ECで重要度が増した「カスタマーサポート」

イケアオンラインストア(外国)
海外のオンラインストア

 2020年度、イケアの全世界売上に占めるECの比率は18%で、日本においても着実に成長を続ける。EC売上増の理由をイケア・ジャパンのカントリーデジタルマネージャー・野崎智子氏は「コロナ禍で、家からお買い物を楽しむ方向へ、顧客の行動が変化したため」と分析する。

 野崎氏によると、過去約1年半で、カスタマーサポートセンターへの顧客からの相談が爆発的に増えたという。特に、オンラインでの購入の仕方、在庫に関する質問、組み立てが複雑な家具などをオンラインで購入したいという顧客からの問い合わせが多い。変化したニーズに応えるために、急ピッチで、インテリアのアドバイスやプランニングをビデオ通話を用いて相談できるサービスを始めた。
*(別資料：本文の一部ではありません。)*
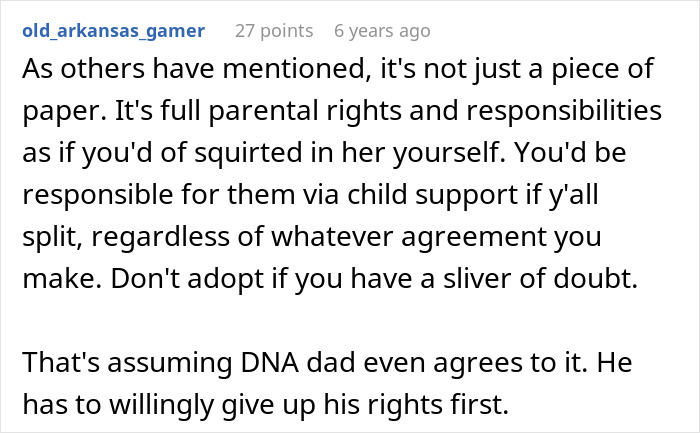Comment discussing parental rights and responsibilities involved when a man refuses to adopt wife's kids after hidden info.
 イケアの強みは、約4万㎡の大型店で優れたデザイン、品質を兼ね備えた商品を低価格で、バリュエーション豊富に提供するところにある。野崎氏は、店舗でできる顧客体験をオンラインでも可能にすることが大切だと話す。電話注文サービスを始めたのも、その一環だ。
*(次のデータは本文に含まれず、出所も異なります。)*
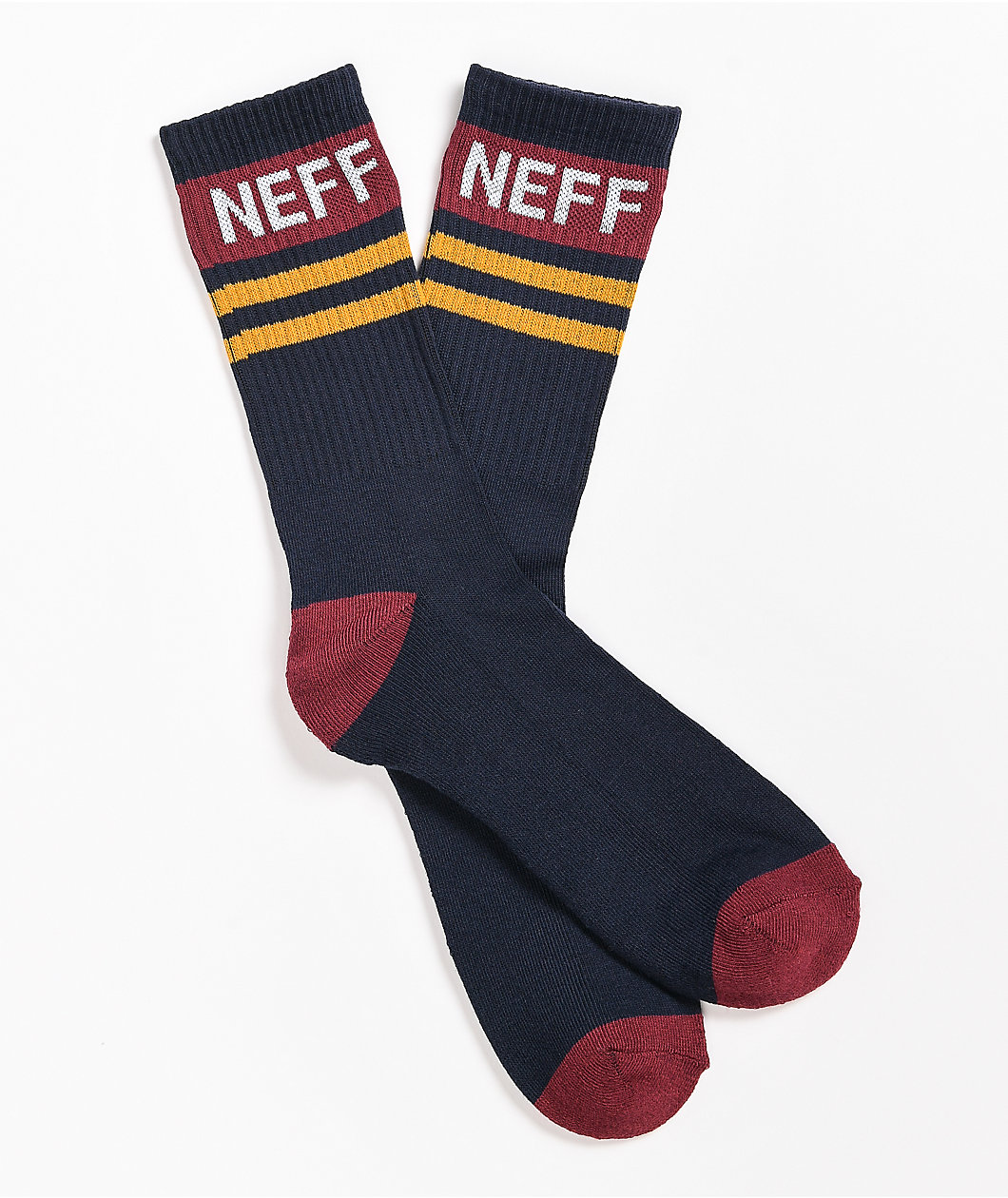 Neff Dress Blue & Cabernet Stripe Crew Socks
 「イケアの家具の特徴は、一つの商品にさまざまな機能、用途があることです。店舗であれば、スタッフに分からない点を聞くことができますが、オンラインでは難しい。だからこそ、オンラインのカスタマーサポートに力を入れています。現在では販売やインテリアに関するさまざまなサービスを提供するお客さまの重要なタッチポイントとして、進化を遂げています」(野崎氏)

 また、コロナ禍を機に、インスタグラムやYouTubeを用いて顧客がイケアと接触できるチャネルを拡大した。インテリアのトータルコーディネートを、実際の店舗から配信する取り組みだ。イケア・ジャパンの公式アカウントはフォロワー数102万人を超えており、その人気ぶりが伺える。ライブの視聴者は、購入する家具の機能やデザインを、インテリアにどう活かすか、コーディネートの参考として楽しんでいるという。

 店舗、EC、ライブコマース、カスタマーサポートセンターと、顧客とのタッチポイントは多岐に渡る。その核となる概念は、顧客自らが家具をコーディネートする、能動的な「セルフサービス」だと、野崎氏は話す。イケアのオムニチャネル戦略は、どのプラットフォームでも、共通のブランドメッセージを伝えることを意味するのだ。